Temperance and Morality. - Many of the Indians are members of a temperance society, but I regret to say that others are as the Garden River Band addicted to the use of liquor, which they easily get on the American side of the river. The morals among the young people are rather loose.
General Remarks. - The chief of this band is Nubenaigooching, now a very old man. He resides with some of his band on the Garden River Reserve.
Those living along the shore of Lake Superior, I only visit once a year when paying the Robinson Treaty annuity money, and meet them all along from Point aux Pins to Michipicotin, and in many cases feed them and give them tobacco.
Four Indians of the band have land of their own, bought from the department, on which they reside. I am informed that this has been sold by the Ontario Government for taxes.
Location. - This band has a small reserve at Michipicotin River.
Tribe. - These Indians are also descendants of the Chippewas mixed with French Canadian half-breeds.
Vital Statistics. - The total number of the band is three hundred and thirty-eight. During the year there were fourteen births, nine immigrations and twenty deaths. I am not able to say to what causes the deaths were due, but some families were nearly all taken away. There were two emigrations caused by marriage and transfer to other families.
Health and Sanitary Condition. - The houses and reserve are kept clean and in good order.
Occupation. - The land on this reserve is very sandy, and the Indians do not grow anything consequence; among the thirteen families who reside at the river they only raised about twenty-five bushels of potatoes, and a few other roots; most of their time, instead of looking after their gardens, is taken up by fishing for Ainsworth & Ganley.
The Hudson's Bay Company used to be their great support, taking their furs and giving them supplies and work. This post has been given up and the Indians remaining at the river will have very hard work this winter to subsist.
The majority of the band are scattered all over the country from Batchewana, the Lizzards, Biscotasing, Chapleau, Missanabie, Brunswick House and other stations of the Hudson's Bay Company. This makes it very difficult to get the payments made and the census taken some of the members remain for two or three years without being heard front, as in their hunting excursions they go far above the height of land.
Education. - There is a schoolhouse on the reserve at Michipicotin River, but no school has been held there for several years.

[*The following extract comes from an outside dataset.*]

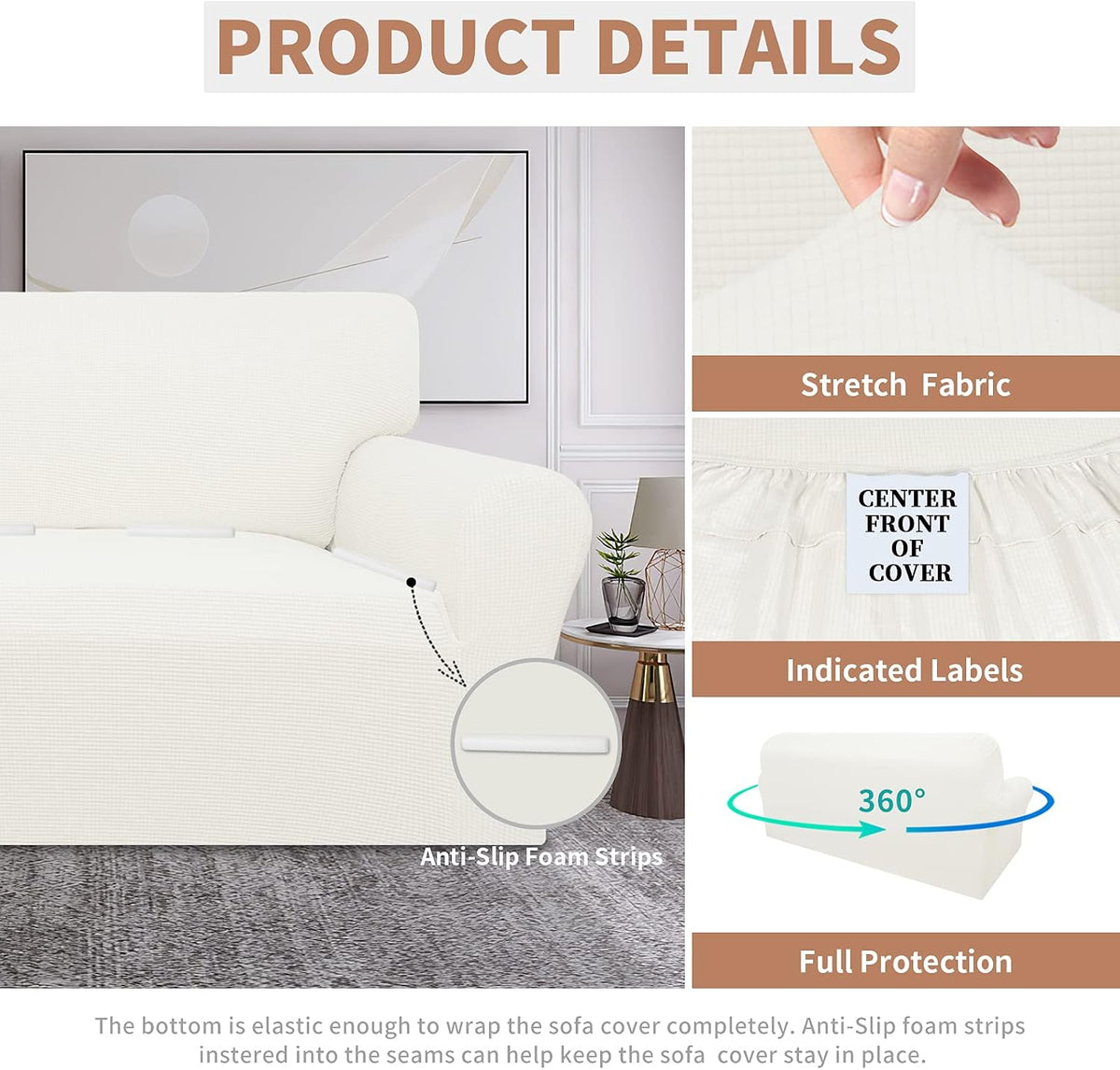 Easy-Going 100% Waterproof Couch Cover, 3 Cushion Couch Slipcover for Sofa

Religion. - There are forty-six Church of England members in this band, the remainder being Roman Catholic; they have a church which is attended to by missionaries occasionally and in their absence by lay Indians.
Characteristics and Progress. - I only visit these Indians once a year when paying the Robinson Treaty annuity money, and although they are very poor they always seem contented, and if they get any money usually spend it at the first opportunity.